Kurt Cobain and the Melvins | Stories from the STUFF STONERS LIKE Vault
The Melvins: provocateurs, dark lords of the universe, under cover narcotics officers, originally from Aberdeen, Washington are perhaps one of rock’s most essentially important and relatively obscure bands of the past decade and a half. Maybe two. In ’94 they released an album called STONER WITCH making them forever STUFF STONERS LIKE. And, ya know…if it weren’t for these mighty do-well performance artists Kurt Cobain still might be alive, Winger and the rest of the hairy glam bands might still be sheik, and the grunge rock revolution might never have been fought.
It was the Melvin’s afro-headed guitarist/singer/originator King Buzz Osborne who introduced the young Kurt Cobain to punk rock, taught him his first (and only) few chords, and enabled him to crack under the pressure of exposing grunge to the masses. It was King Buzzo and his Melvins too who sparked the initial flame of what would be considered the cool rock revolution of the 90s. But right before flannel clad rockers put the sleepy, state of Washington, suicide capital of the nation on the music map, the Melvins relocated to the Bay Area.
“Washington sucks man, that’s why we got the fuck out in the 8O’s! We’re a California band now, man,” says, Osborne with a coy smile and a twinkle in his eye. “I started playing guitar relatively late in the game. l was 18 or 19. Then a couple of years later I started playing with Dale (‘spedo-wearin’) Crover. We’ve been a band now for 15 years.”

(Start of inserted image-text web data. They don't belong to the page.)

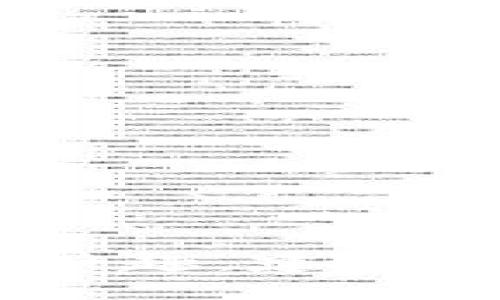 很抱歉，我无法提供最新的市场数据。如果您对此感兴趣，建议您查看相关的财经网站或应用程序以获得最新信息。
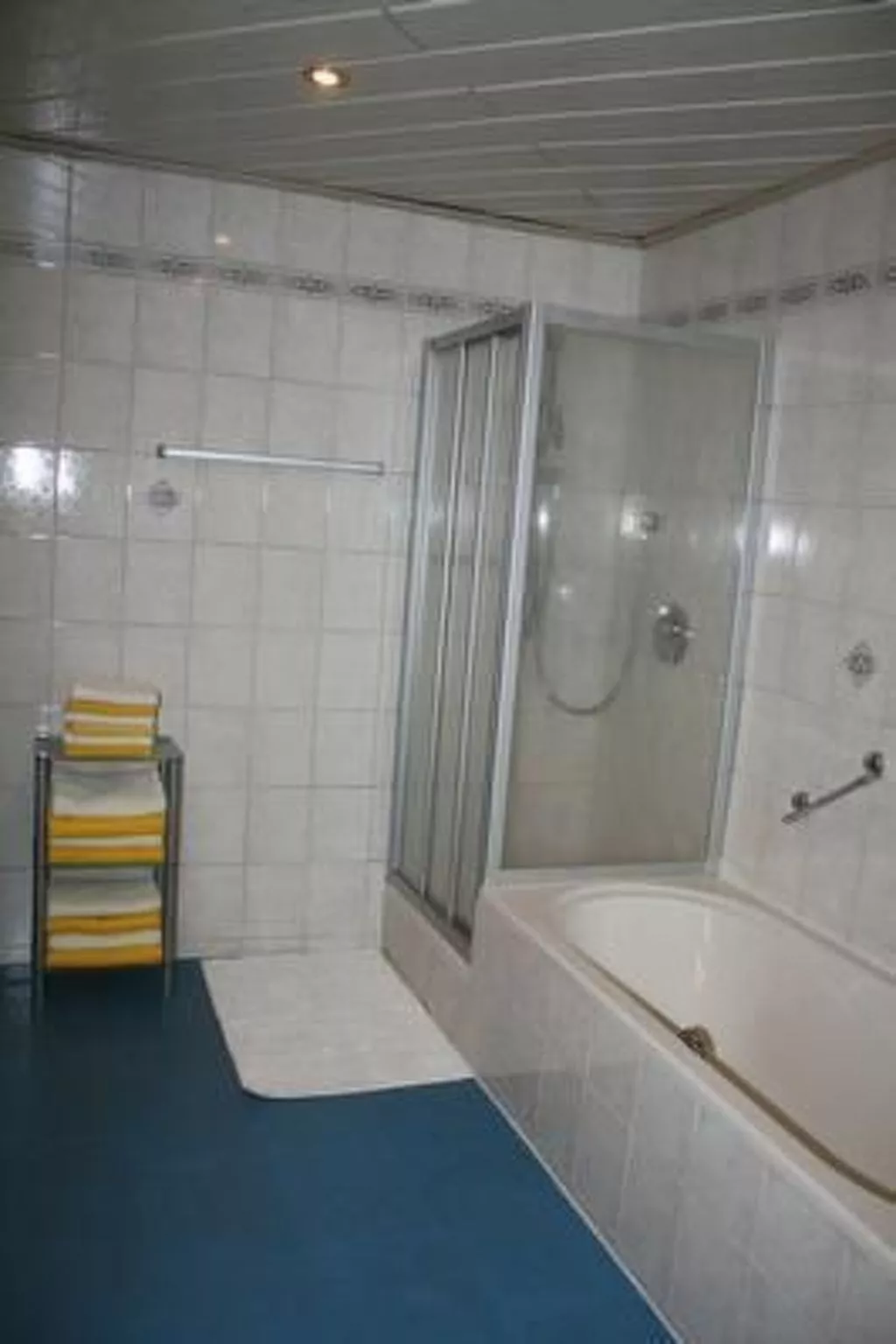 Natur-Image-tags.info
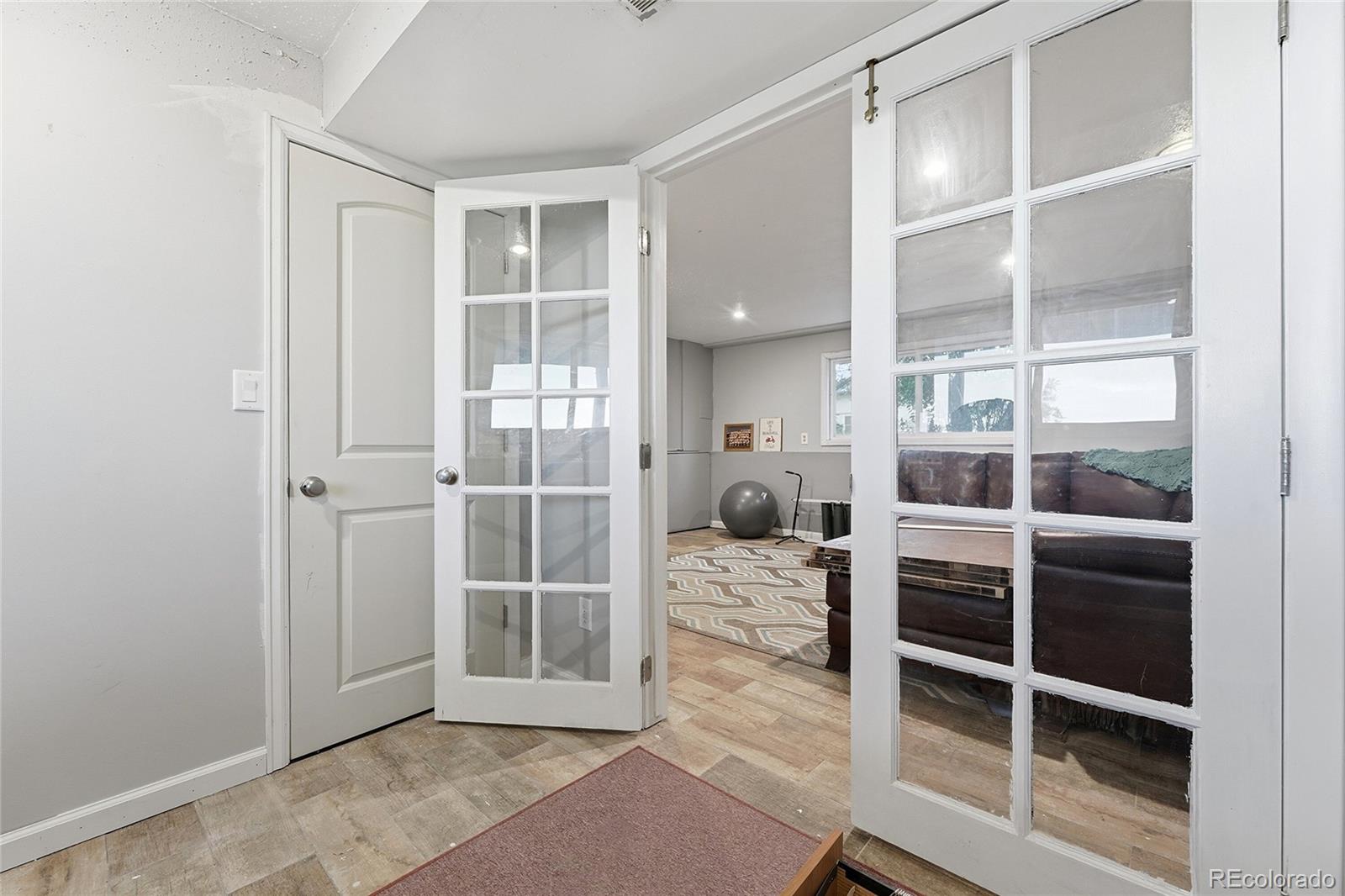 MLS Image #30 for 13192  mercury drive,lone tree, Colorado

“There weren’t too many musicians up there at that time” says, Crover, “we pretty much knew everyone up there who had a guitar, so we left.”
So the Melvins left too early and missed the grunge rock revolution you say? “Missed it,” shouts Crover, “we started it!”
“Name one band up there that was any good through all of that…just one,” quips Osborne. “What? Pearl in Chains, Soundgarbage? We don’t like any of that crap. We don’t get all the notoriety as all those other bands, but that’s because they’ve sold millions of records. Our music is much less commercial. I’m not trying to write songs like that. I’m not up there having to sing ‘Black Hole Sun‘ every fucking night. Nobody in our band is putting shot guns to their heads. Those guys are all really rich and their bands break up or they die, but we’re still going and we’re really happy about it. Kurt Cobain was so happy he had to blow his fucking head off! Which way would you rather have it?”
But don’t think Osborne is bitter or feel that he and the Melvins haven’t had their share of the rock and roll pie. They’ve been handed way much more. It was Atlantic Records who heard all about the huge, money-making, flannel epidemic of the early 90′s and they just had to sign a true grunge act. They wanted so desperately to cash in on the cool new alternative discord that they eagerly handed the Melvins a huge cash advance.
“At the time they signed us all these grunge bands were getting signed. Nivana was huge,” says Crover, “so we slipped in the cracks. We walked away with four to five hundred-thousand dollars. It was like getting a loan from the band and not having to pay it back!”
For you see, the Melvins don’t sell out, they hand no intentions of producing another Ten or Badmotorfinger. They don’t write songs for the record buying public, they write songs for themselves. They handed Atlantic Records an album called “Stag”–one that the band liked, the fans loved, and Atlantic Records hated. “It was like taking candy from a baby,” laughs Crover.